TASK INSTRUCTIONS: Pictures must not appear in your answer. Write out exactly the lines from the one with "Balón de fútbol" through the last line of the entries below.

(SOURCE DATA begins)

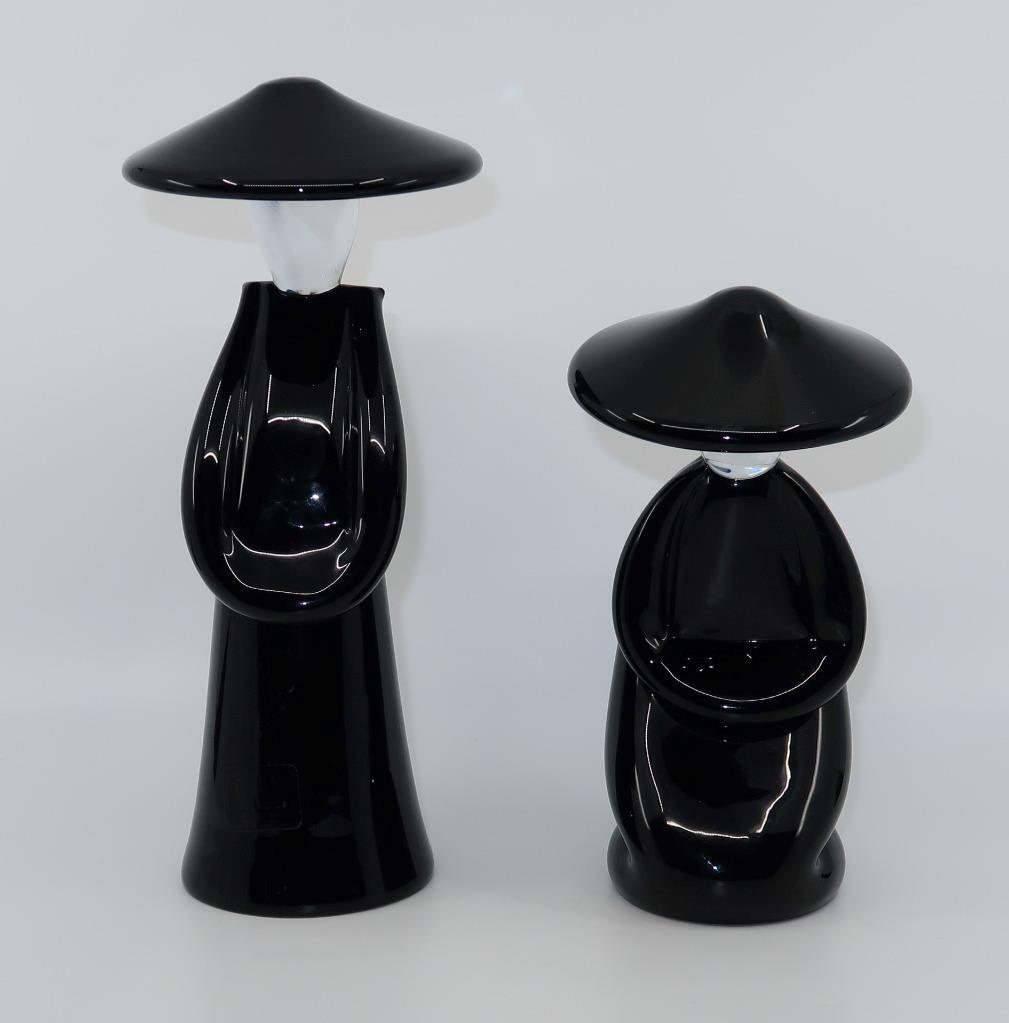 Murano Art Glass, Renato Anatra Signed, Asian Couple Figurines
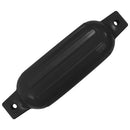 vidaXL 4 darab fekete PVC csónak lökhárító Ø 11 x 40 cm
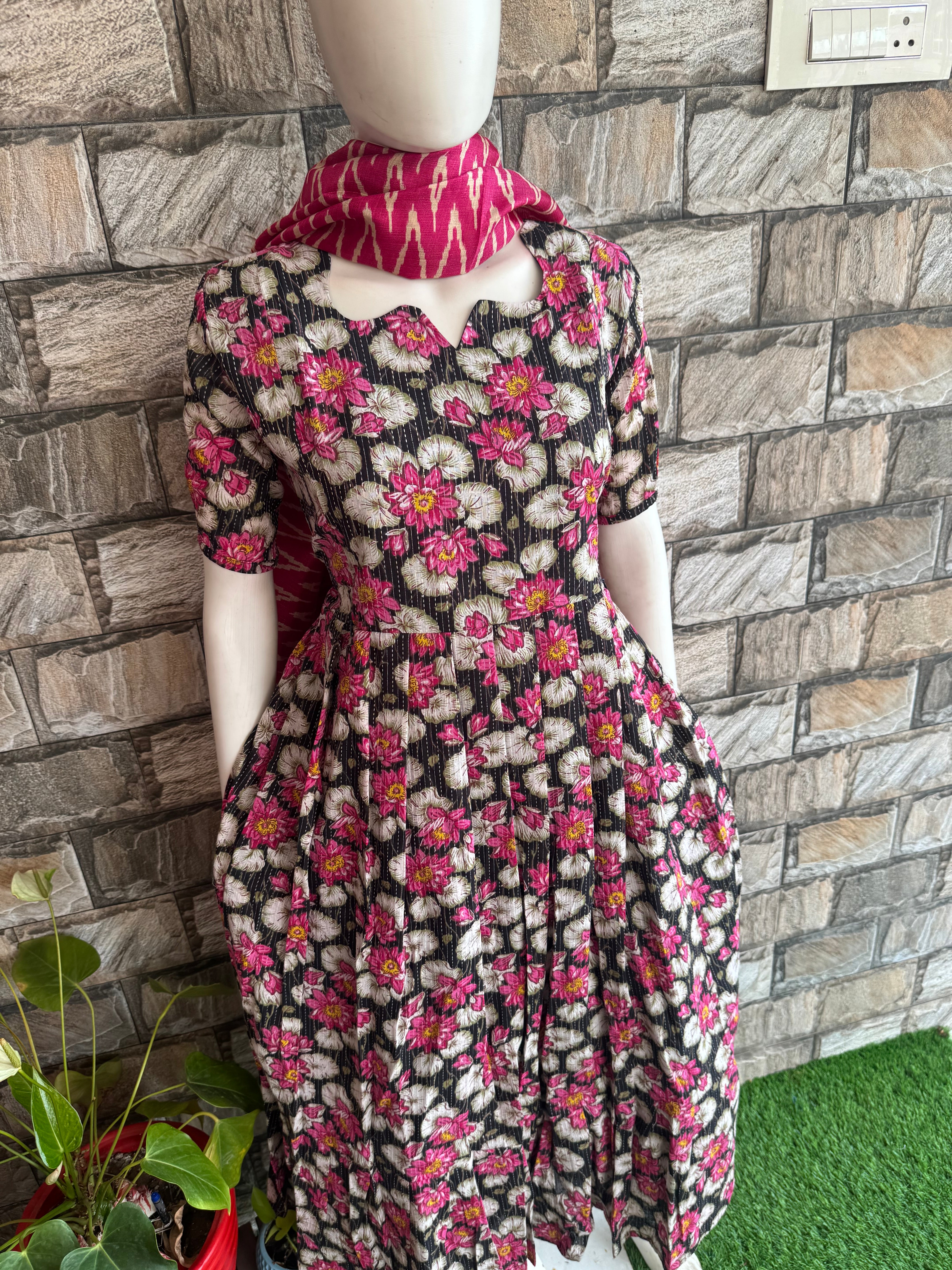 Lotus  Kanta cotton Maternity maxi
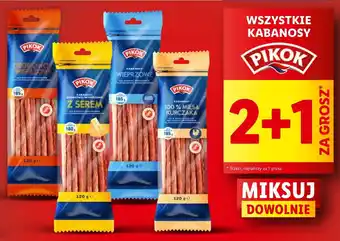 Lidl Kabanosy drobiowe z mięsem wieprzowym Pikok oferta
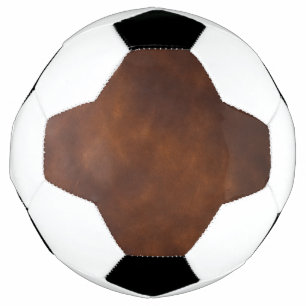 Balón de fútbol de cuero marrón - Des clásicos y s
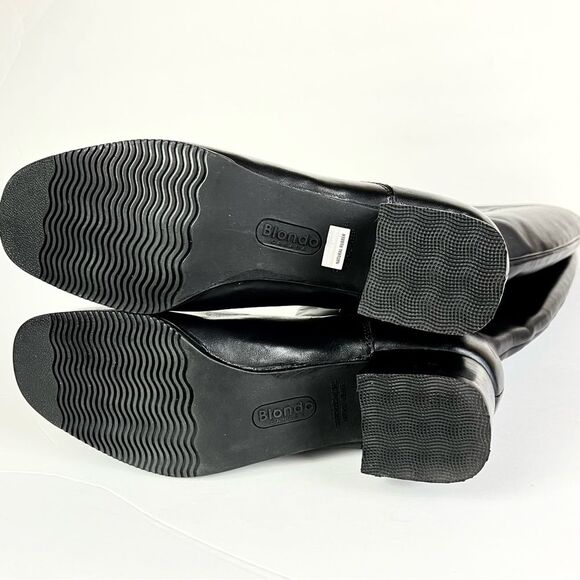 Blondo NWT Black Waterproof Leather & Natural Rubber Sole Riding Boots Sz 6.5WW - Picture 14 of 16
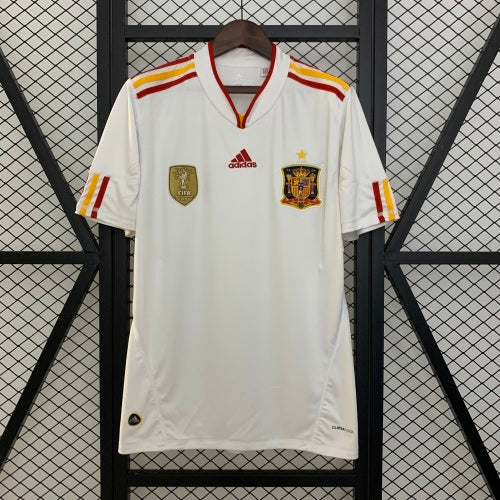 2000s Spain Retro Football Shirt | White Red Home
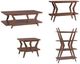 Bassett Mirror Stratton Brown Console Table-4
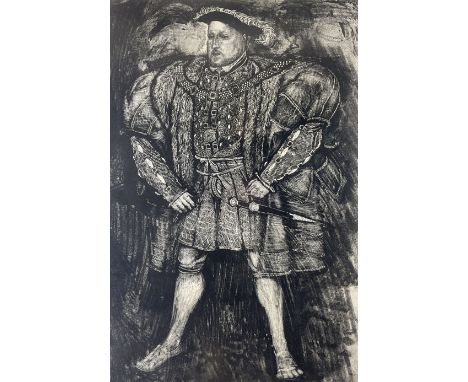 Kenneth Blues Wilson (Scottish 1946-): Henry VIII, print 83cm x 55cmCondition Report:The picture is framed behind non-reflect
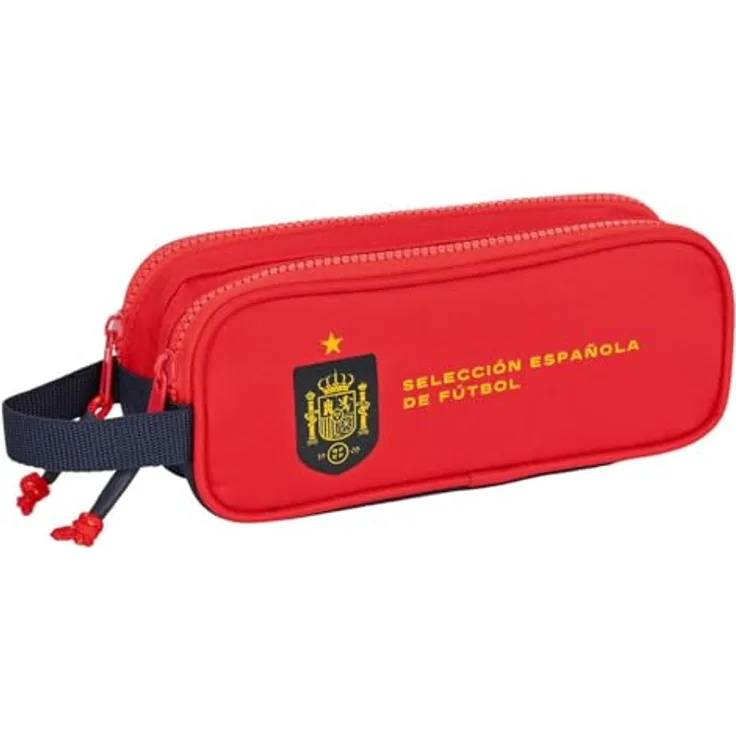safta Unisex Kinder 812247513 Federmäppchen, Rot/Blau, Einheitsgröße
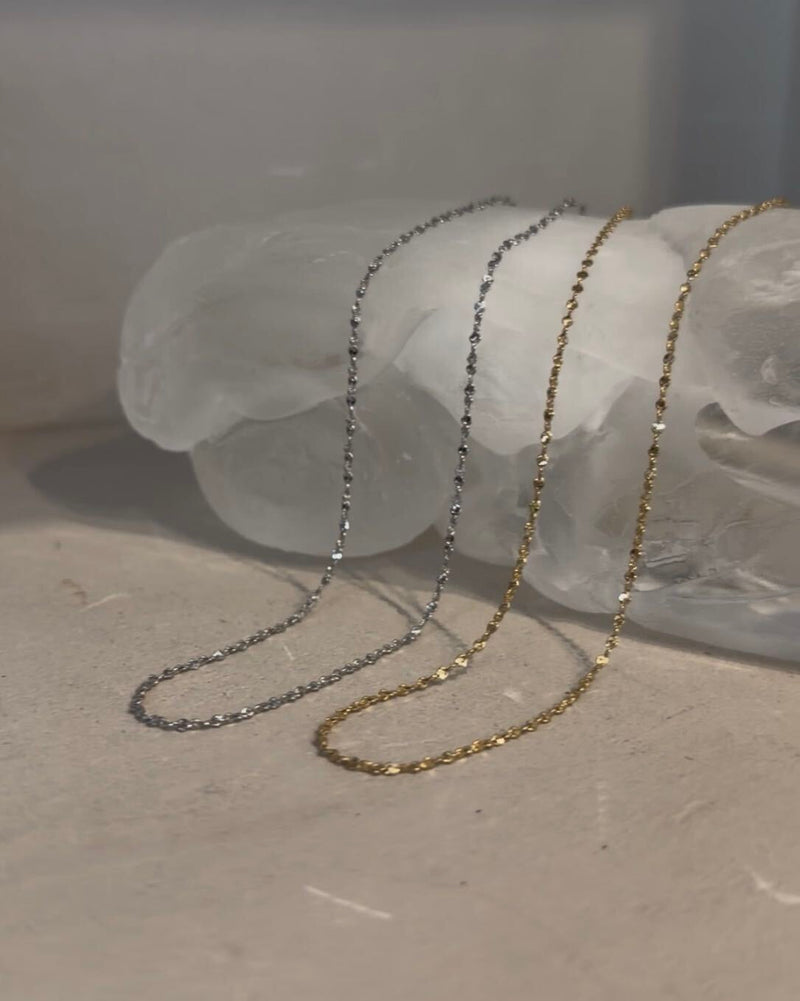 Lumi Chain Necklace ゴールド・シルバー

(SOURCE DATA ends)

SOLUTION TO THIS PROBLEM:
 Balón de fútbol de cuero marrón - Des clásicos y s
 Blondo NWT Black Waterproof Leather & Natural Rubber Sole Riding Boots Sz 6.5WW - Picture 14 of 16
 2000s Spain Retro Football Shirt | White Red Home
 Bassett Mirror Stratton Brown Console Table-4
 Kenneth Blues Wilson (Scottish 1946-): Henry VIII, print 83cm x 55cmCondition Report:The picture is framed behind non-reflect
safta Unisex Kinder 812247513 Federmäppchen, Rot/Blau, Einheitsgröße
 Lumi Chain Necklace ゴールド・シルバー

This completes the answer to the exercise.